Once your storyboard is ready, the editor shows it as a row of shot cards. Each shot is a single prompt that describes what happens on screen, and you can add, remove, and reword shots. Your changes save automatically.
How is a shot built?
Each shot card is one prompt — a single text box where you describe that shot in plain language. Inside that prompt you can drop in references to your storyboard Elements (characters, backgrounds, products) and the voice model, which appear as inline @-pills. There are no separate boxes for voice-over text, a video prompt, or a first-frame image — the shot is just its prompt.
How do I add a reference to an Element or the voice model?
Two ways:
Click an Element chip or the voice pill in the row of chips at the top of the shot card — it inserts that reference at your cursor.
Type
@in the prompt to bring up the mention list and pick the Element (or voice model) from there.
Each reference becomes a pill in the text, so the app knows exactly which character, product, or voice you mean for that shot.
Is there a length limit on a shot's prompt?
Yes — each shot's prompt is limited to 500 characters.
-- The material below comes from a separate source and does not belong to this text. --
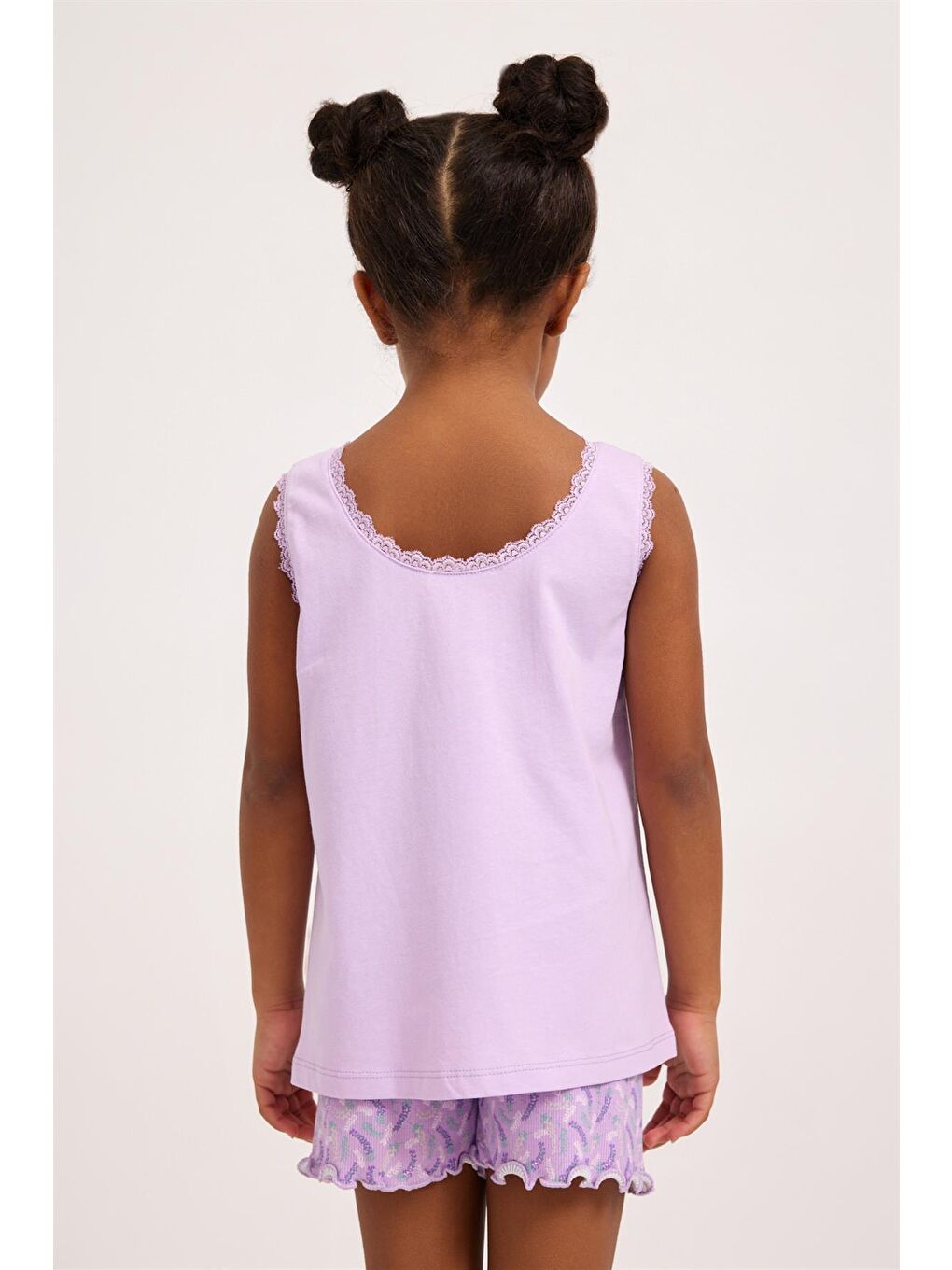 Lavender Kız Çocuk Dantelli Pijama Üst Lila-1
The card shows a live "current / 500" counter in the corner so you can see how much room is left.
How do I add a shot?
Scroll to the end of the row and click the Add shot card (labeled "Add a new shot to the storyboard"). A new shot is appended and saved; you'll see "Adding shot…" briefly. New shots start empty so you can write their prompt.
How do I delete a shot?
Open the … menu in the top-right of a shot card and choose Delete. The shot is removed and the storyboard re-saves; you'll see the toast "Clip deleted." (the app still says "clip" in this message even though the storyboard is built from shots). Deleting a shot is permanent.
How long is each shot, and where do I see the total?
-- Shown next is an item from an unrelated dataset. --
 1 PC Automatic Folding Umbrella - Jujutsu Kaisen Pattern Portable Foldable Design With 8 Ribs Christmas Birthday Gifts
Each shot's duration is computed by the app, not typed in — there's no per-shot duration box. The single Duration shown in the bottom bar is the storyboard's total (in whole seconds), and it refreshes every time your changes save. That total is what the final video cost is based on.
How do I reorder shots?
Shots appear in order from left to right, and that's the order they'll play in the final video. New shots are added at the end and shots are removed in place — there isn't a drag-to-reorder control, so plan the sequence as you build it. Use the left/right scroll buttons in the bottom bar (or scroll the row) to move along a long storyboard.
Do I have to save my changes?
No — the editor auto-saves. Edits are written to the server a couple of seconds after you stop typing, and there's a periodic safety save as well. Closing the editor or pressing Generate also flushes any pending edits. You may briefly see "Saving changes…".
What's the warning icon next to the title?
If your latest edits couldn't be saved, an info icon appears next to the storyboard topic. Hovering it explains that your changes can't be saved right now and that closing the editor would lose unsaved changes. If you close while out of sync, you'll be asked to confirm before losing them.
Why can't I edit my shots?
Once you've generated the final video, the storyboard locks and becomes view-only. Trying to edit a locked storyboard shows "You can't edit a storyboard after generating videos. Regenerate a storyboard to make changes." Use Regenerate storyboard (or Recreate) to get a fresh, editable copy.
On mobile
Editing opens a full-screen page. Shots are shown as cards you scroll through, with the Elements section and voice model laid out alongside them; the prompt, @-mentions, character counter, and add/delete behavior all work the same as on desktop. A shot-navigation control helps you jump between shots.